When Your Child Is A Smartypants

The Princess is a very smart child. I know, every mom thinks her kid is the smartest, prettiest, bestest, superlativiest kid (And all of you mothers are RIGHT), but factually speaking, The Princess is pretty bright.

And I can’t even say that it’s much that I had much to do with – I mean, I wasn’t a flashcard flipping mom and I didn’t play Mozart to my pregnant belly. She just is THAT SMART.

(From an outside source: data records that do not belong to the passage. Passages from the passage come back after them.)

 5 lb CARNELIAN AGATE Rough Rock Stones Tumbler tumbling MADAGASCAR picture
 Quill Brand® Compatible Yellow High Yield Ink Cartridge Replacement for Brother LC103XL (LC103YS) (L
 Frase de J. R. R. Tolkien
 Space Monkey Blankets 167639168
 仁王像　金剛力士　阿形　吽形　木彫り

This morning, Hubby and I sat down for parent-teacher conferences – the typically fifteen minute conference stretched to thirty as we discussed our kiddo and our concerns. The biggest concern has been that school will be too easy for her. This comes from life experience: I FLEW through school – right up until I meandered into college thinking I would take the world by storm and life came to a screeching halt. The grades I had once snagged with ease did not come so easily. In fact, I struggled. A lot. There were tears. A lot of them. And OH THE FRUSTRATION.

I don’t want that to happen to her.

Well, wait. I do.

I want her to be frustrated.

I want her to be frustrated in little bits and pieces along the way. I want her to hit a road block and I want her to figure out how to solve the problem. I want her to have to ask the teacher for help. I want her to have to spend a few extra minutes checking and double checking herself. Not all the time, mind you. Just occasionally.

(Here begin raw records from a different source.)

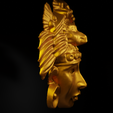 7.png Aztec Cosplay Face Mask 3D print model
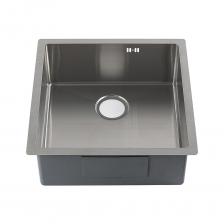 Мойка для кухни Melana ProfLine 50х50х20 см врезная с сифоном сталь (R5050W)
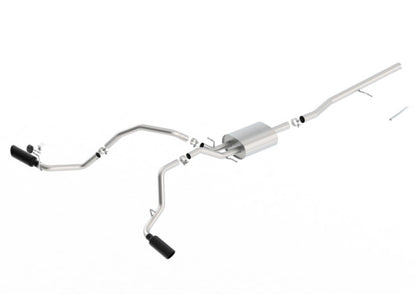 Borla ATAK Cat-Back Exhaust System with Black Chrome Tips for 2014-2018 Chevy Silverado 1500 and GMC Sierra 1500 5.3L V8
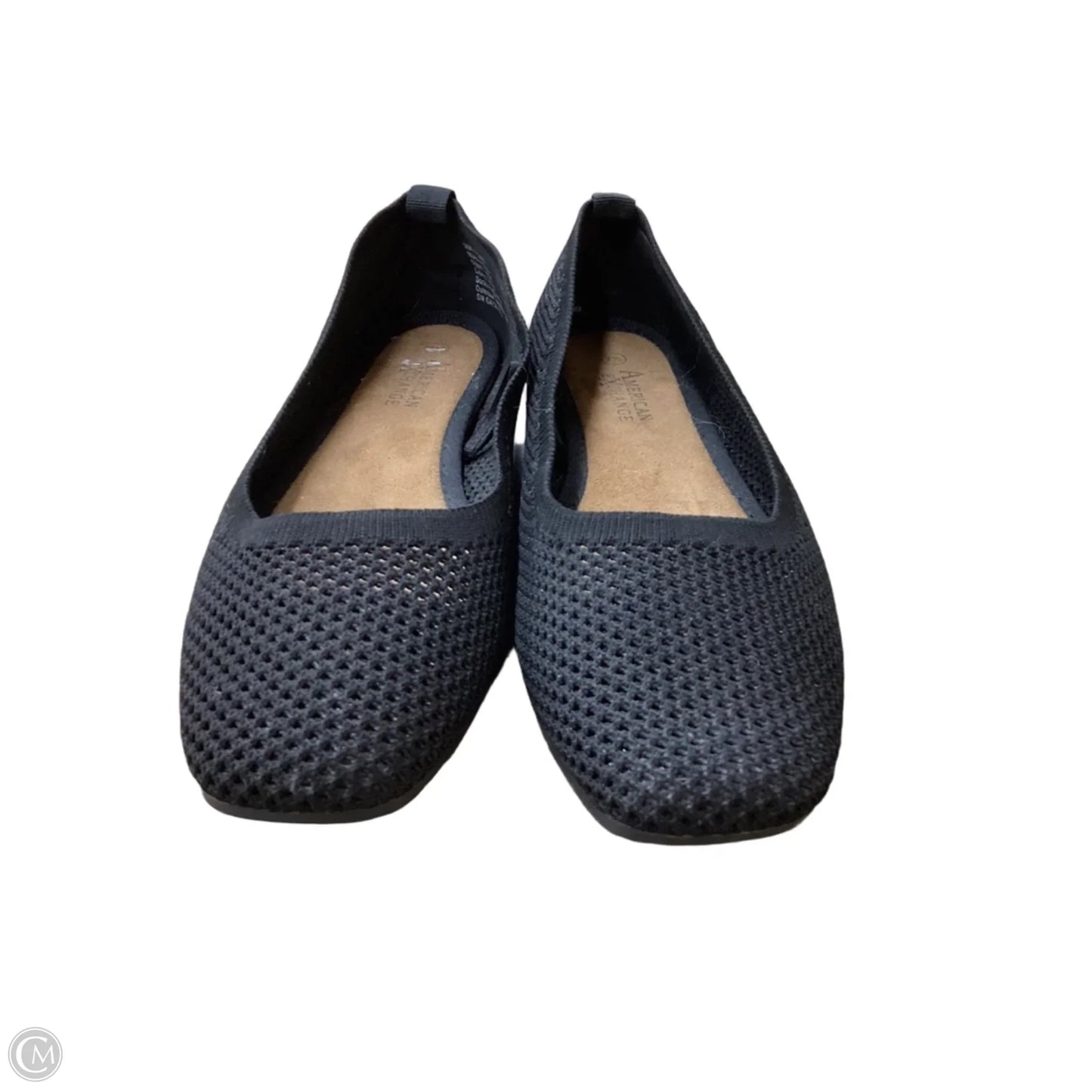 Shoes Flats By Clothes Mentor In Black, Size: 7.5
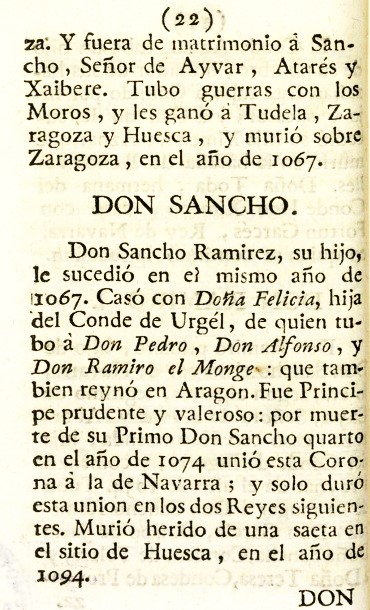 Atlante Español, tomo 2, Aragón. 22 Atlante Español, tomo 2, Aragón. Página 22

Prior to conferences we talked – do we need to move her to another school district? Skip a grade? The school system that jumps through hoops to help meet Stepson and his special education requirements doesn’t as readily make concessions for kids that are ahead of the game. There’s no gifted program or other such programs in place to enrich the curriculum for kids who might need a little MORE to keep them challenged, engaged and not bored with the whole process.

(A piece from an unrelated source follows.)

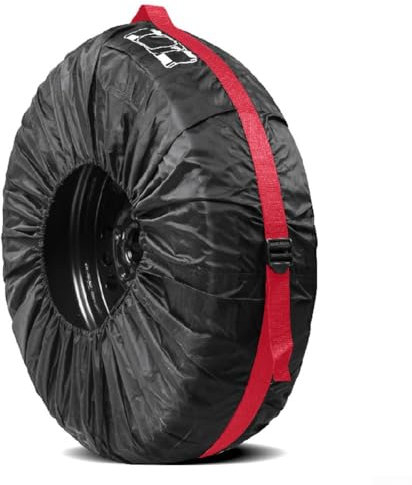 Wheel Protective Cover, Spare Tire Cover Universal Wheel Tire Cover Waterproof With Storage Bag, Black Wheel Cover, for Car SUV Vehicle Truck(for 19-23inch tires)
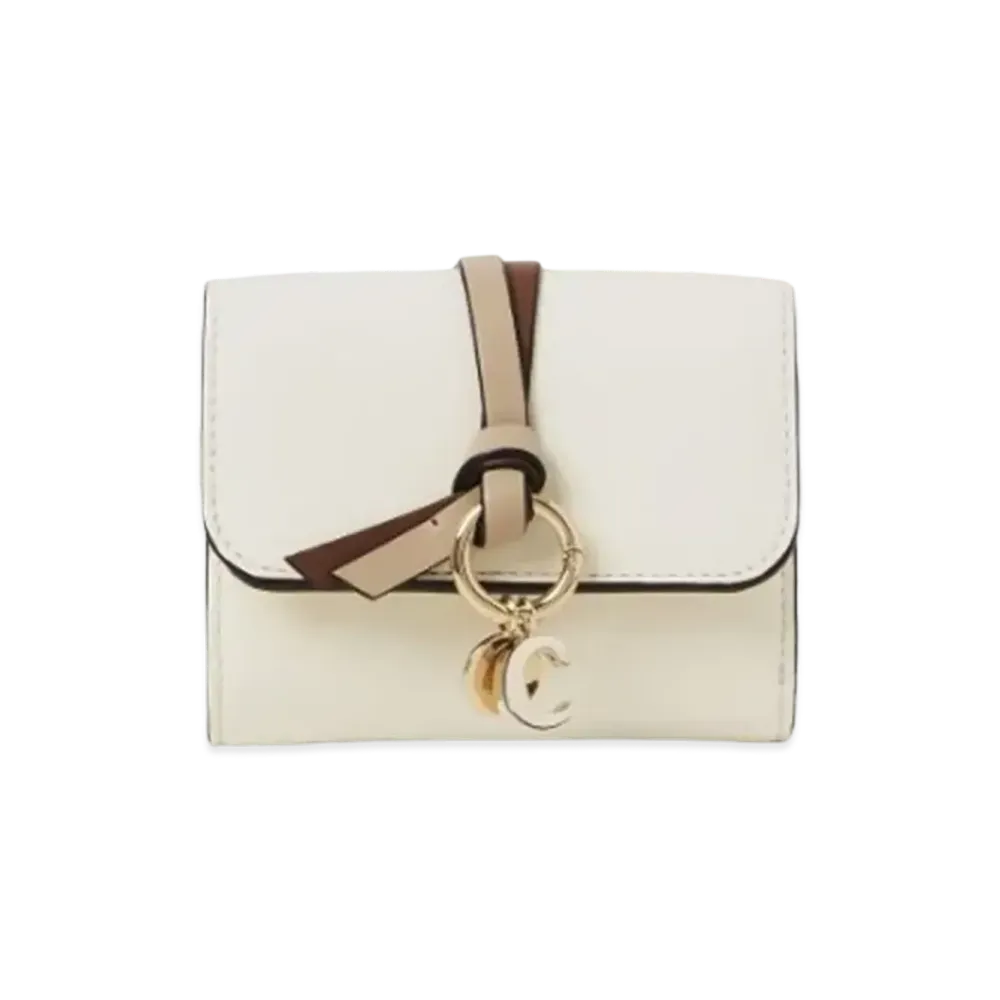 Chloe Alphabet Small Tri-Fold "Misty Ivory"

We’ve been lucky to have hit the Teacher jackpot this year – from the first moment of the conference, as we settled into tiny plastic chairs when The Princess’s teacher said, “I just love your daughter.” It’s been obvious to me throughout the year that she thinks my kiddo is pretty awesome – I believe she also feels a kinship with her – she relates to her. She told us today, “I was The Princess when I was in school. I teach the way I learned.”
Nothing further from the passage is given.